RIPE is a cooperative effort among its members with no central funding. There is no centrally managed RIPE backbone with operations staff running responsible for connectivity. Thus operational problems have to be solved in a distributed manner. For this to work network configuration information, network status information and operational contact information must be available to operations staff of all RIPE members. With this information operations staff of a RIPE member can pinpoint the causes of a problem and contact the appropriate operations staff of another member quickly. Without this information, locating problems would either take people and time or be impossible.

The purpose of this recommendation is to give guidance to the RIPE member organizations on how to manage their IP routers in a way that provides a maximum of necessary information to other RIPE members while maintaining full operational authority over their own routers. This recommendation should be followed for all routers on links between RIPE member organizations. Most of the recommendations should also be applied to internal routers.

Router Access

All RIPE IP routers should be accessible using telnet from any other RIPE router; there should not be any restrictions, of any kind, between two routers. The non-privileged password should be well known and should be given to any RIPE operational staff asking for it. Router operators should consider to set up access-lists in order to avoid unallowed connections from the router. It should however always be possible to connect from a RIPE router to another one.
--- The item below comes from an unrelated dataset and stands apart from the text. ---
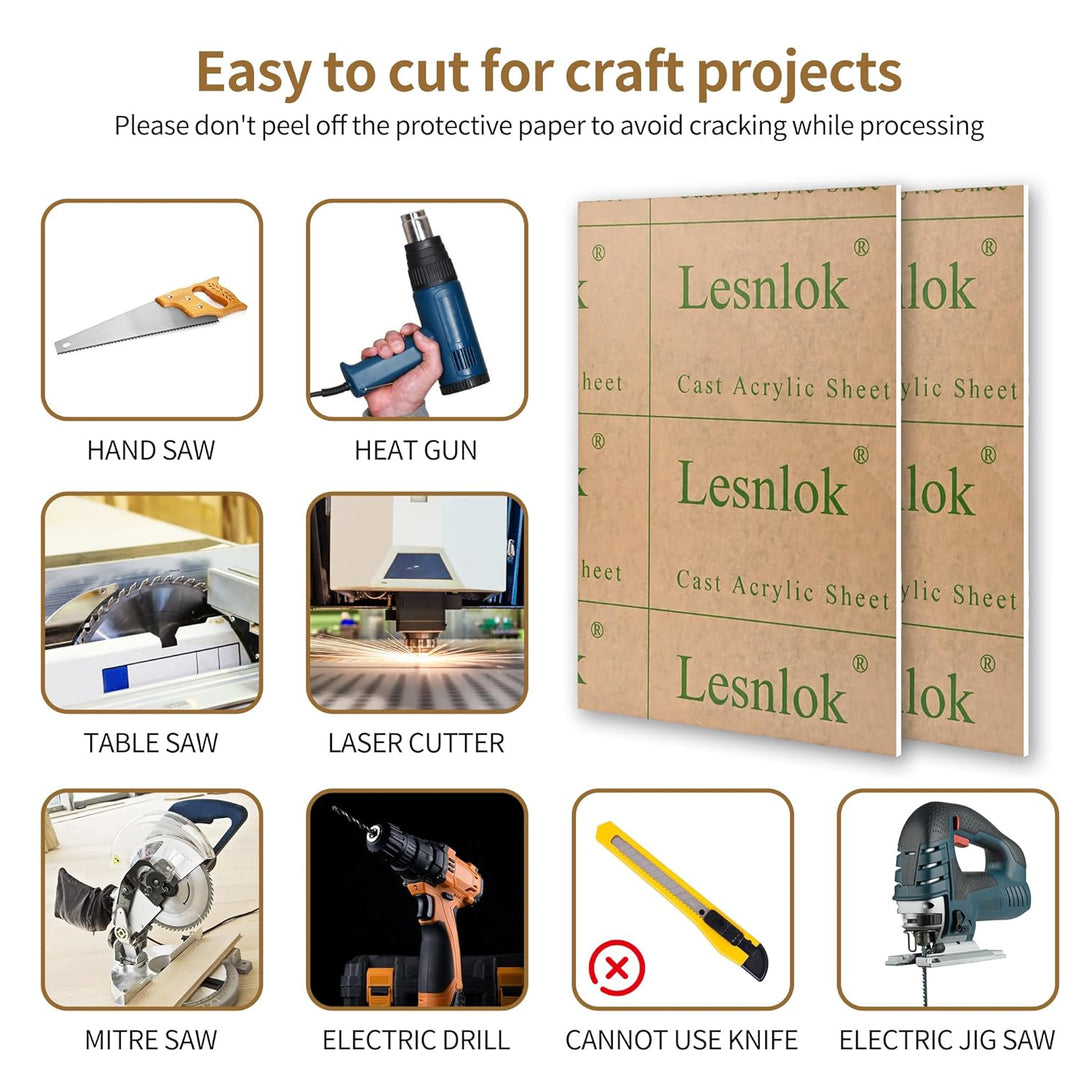 12 x 16 White Acrylic Sheets 1/8 inch Thick 3mm 2 Pack White Plexiglass Sheet,for Sign,Craft,Painting,Laser Cutting,DIY Display Projects (2, white, 12 x 16 x 1/8)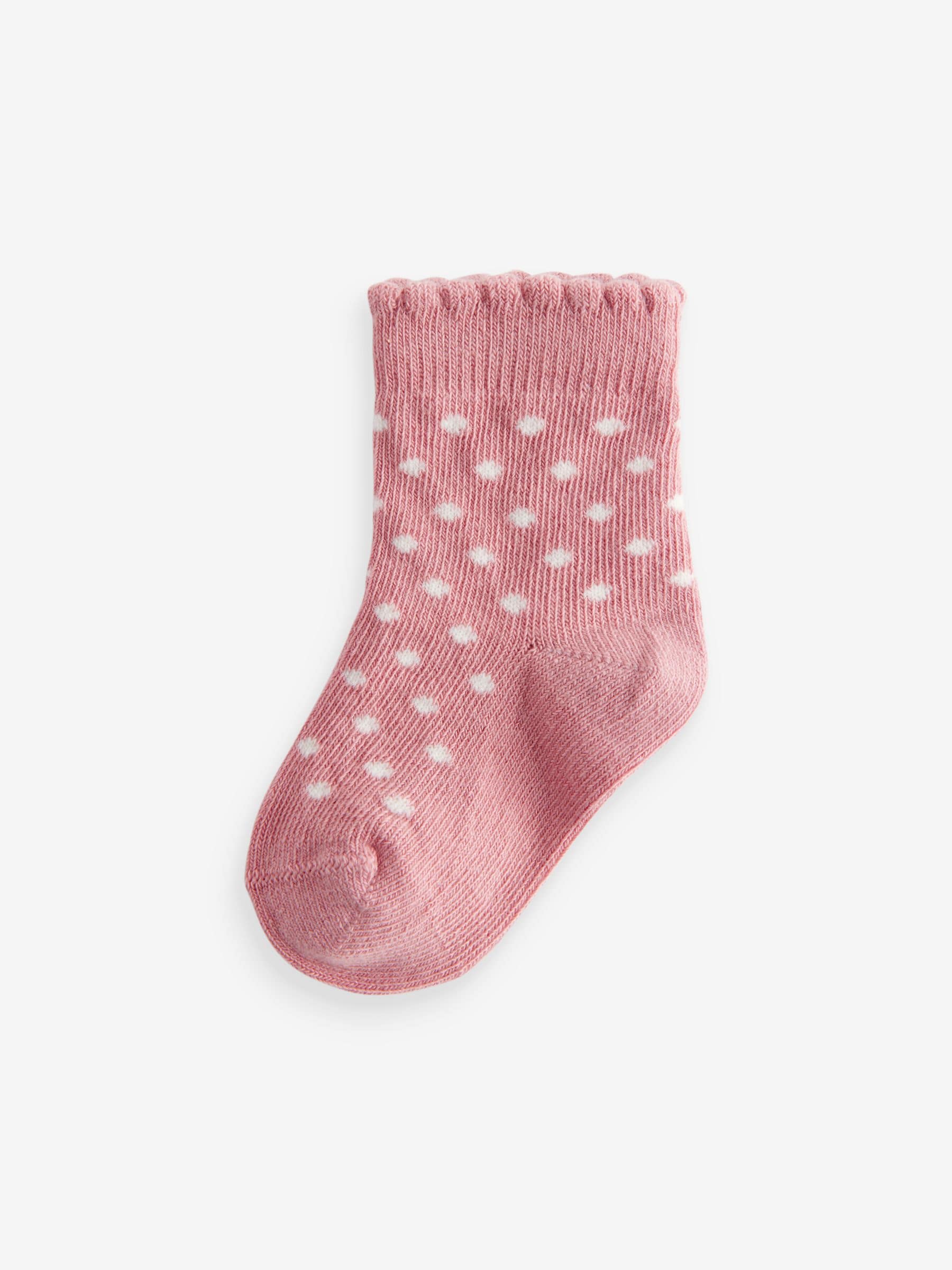 Roze gestreept met hart - Verpakking van 5 paar babysokken (0 mnd-2 jr)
All RIPE router should be fully registered in the Domain Name system. When possible, all interfaces are registered under the same domain name.

TELNET Access

Most routers can be accessed by TELNET. Most of them are also capable of displaying a banner message before any authorization of the calling user is performed. This banner message should be used to verify which router has been reached and to provide a quick means to contact the responsible operational people.

Example:

_________________________________________________
|                                               |
|amsterdam.NL.EU.net [1.55 90/08/21]            |
|                                               |
|Problems: ip-oper@cwi.nl, phone +31 20 5924112 |
|                                               |
|Authorized access only !!!                     |
|                                               |
|                                               |
|User Access Verification                       |
|                                               |
|Password:                                      |
|_______________________________________________|

The message should contain at least the following information:

  • fully qualified domain name of the router
  • e-mail address of operational staff responsible
  • telephone numbers to reach operational staff in international format

Other useful information includes:

  • version numbers of configuration information and the date/time of last change

Routers should support as many parallel TELNET sessions as practical but at least two. It is recommended that inactive TELNET sessions be timed out after 10 minutes.

ICMP Echo Service

All routers should support unrestricted ICMP Echo service to all networks they route to and from.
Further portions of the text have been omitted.